Było zimowo, lodowo, ale nie… zimno. Bo koncert w sali koncertowej Państwowej Szkoły Muzycznej przez płockich melomanów był przyjęty na tyle gorąco, że stopniałby niejeden lodowiec. A brawa rozkruszyłyby najtwardsze lodowe szlaki.
W piątkowy wieczór, 27 marca, miało miejsce uroczyste zakończenie III Festiwalu Zorzy Polarnej. Koncert, zatytułowany „Na lodowym szlaku”, był uwieńczeniem całej serii imprez, które odbywały się w Płocku przez cztery zimowe miesiące. Tegorocznej edycji przedsięwzięcia towarzyszyły różne formy przedstawienia śniegu i lodu. Wśród imprez, które towarzyszyły festiwalowi poświęconemu w całości Skandynawii, były między innymi: prelekcje o środowisku dalekiej Północy, zwłaszcza formach lodu i śniegu, wystawy plastyczne i fotograficzne, spotkania w klubie podróżnika czy poranki literackie z dziecięcą literaturą skandynawską. A na koniec tego ciekawego projektu włączyła się Płocka Orkiestra Symfoniczna, której koncert był wisienką na torcie całej masy wydarzeń kulturalnych.

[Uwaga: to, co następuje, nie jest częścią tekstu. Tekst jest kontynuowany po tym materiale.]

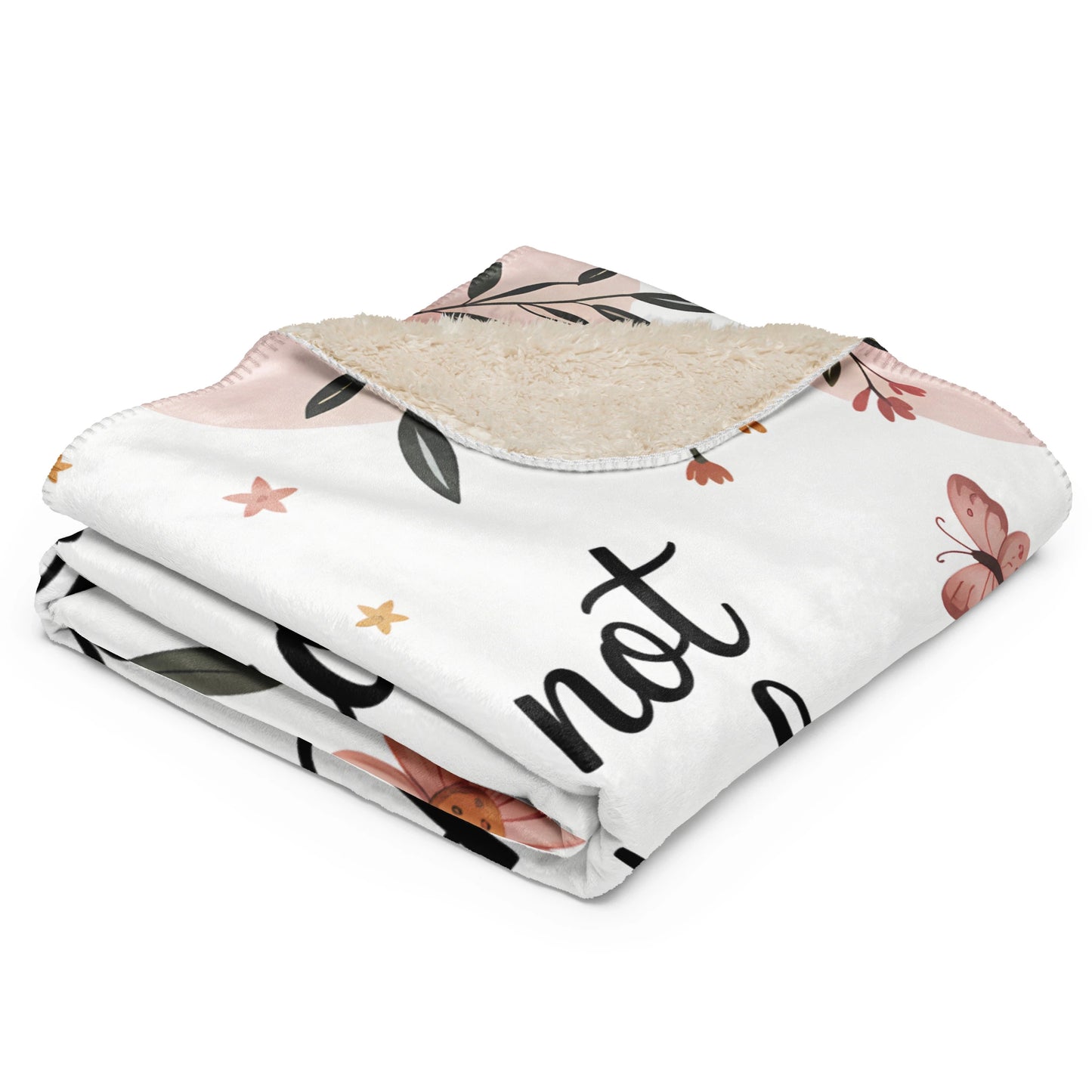 Pastel floral sherpa blanket folded, showing soft cream back and quote “Mama nap in progress”.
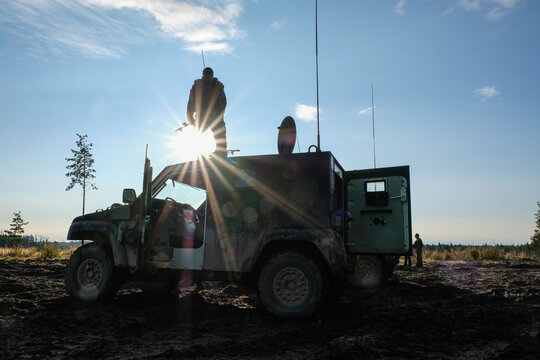Sun setting behind a French army command vehicle during a multinational deployment near Tapa, Estonia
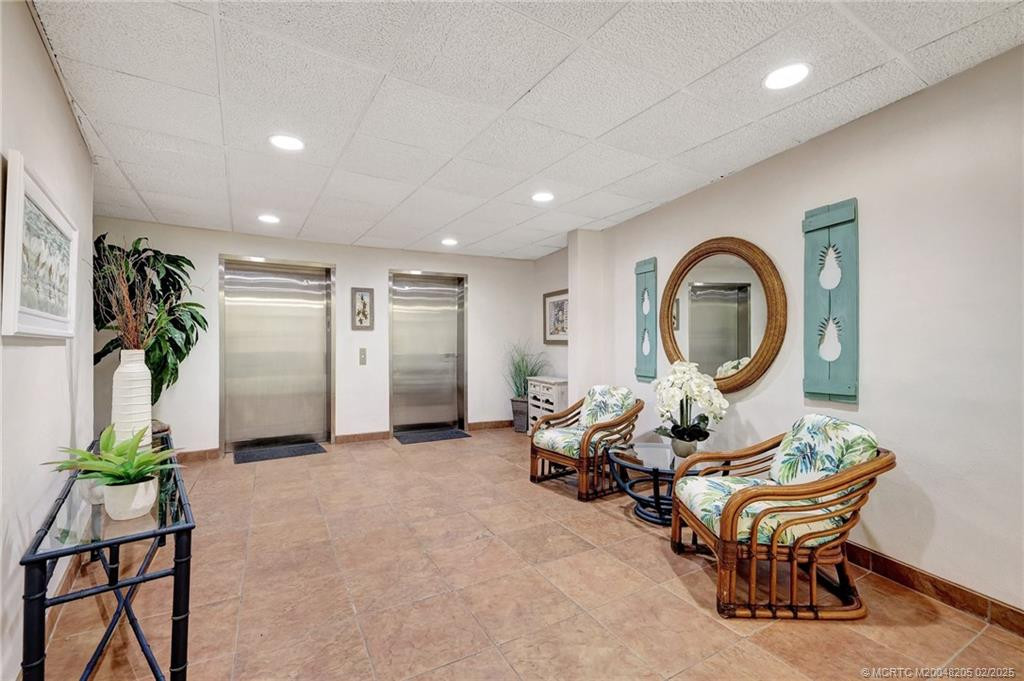 Lower Lobby with elevators & storage area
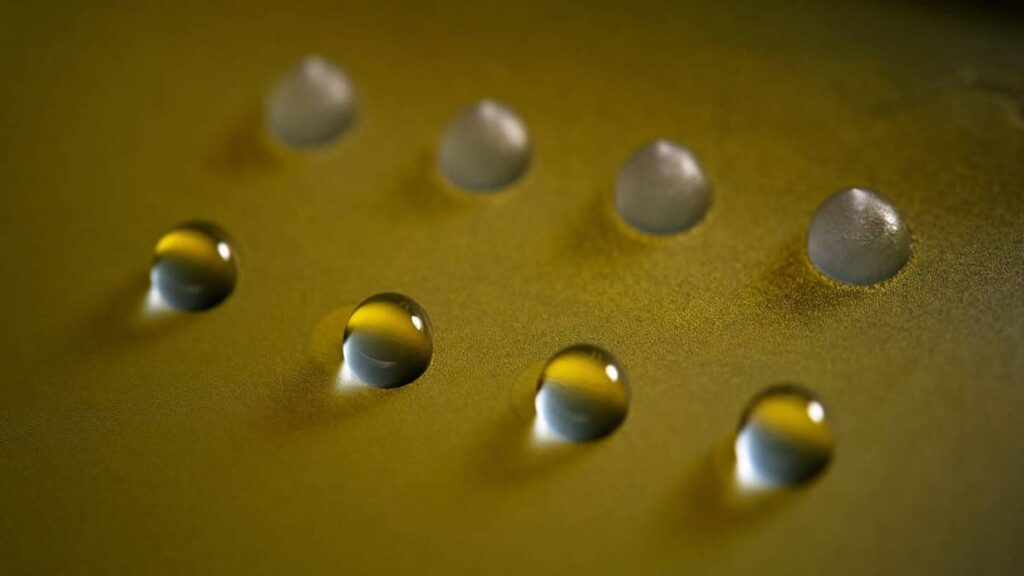 A gold surface with liquid and frozen water droplets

W piątkowy wieczór w sali koncertowej Państwowej Szkoły Muzycznej płoccy melomani usłyszeli utwory, które stworzyli skandynawscy kompozytorzy. Był wśród nich Lars Erik Larsson, szwedzki kompozytor, jeden z czołowych przedstawicieli szwedzkiego neoklasycyzmu, twórca muzyki filmowej i teatralnej. Skomponowaną przez niego „Suitę pastoralną” w brawurowy sposób wykonali płoccy symfonicy pod batutą Jacka Rogala. Kolejnym kompozytorem był Duńczyk, Carl August Nielsen, którego „Koncert fletowy” wykonał z niezwykłą wirtuozerią Łukasz Długosz, polski flecista, wielokrotny laureat prestiżowych konkursów polskich i zagranicznych. Za swój występ w Płocku otrzymał od publiczności ogromne brawa, jak najbardziej zasłużone. Po przerwie, w Krainę Lodu melomanów przeniosły „Tańce symfoniczne” w wykonaniu Płockiej Orkiestry Symfonicznej, a skomponowane przez Edvarda Hagerupa Griega, kompozytora, pianistę i dyrygenta norweskiego, który pochodził ze Szkocji. Jego utwory charakteryzuje powiązanie z literaturą oraz skandynawskim folklorem muzycznym.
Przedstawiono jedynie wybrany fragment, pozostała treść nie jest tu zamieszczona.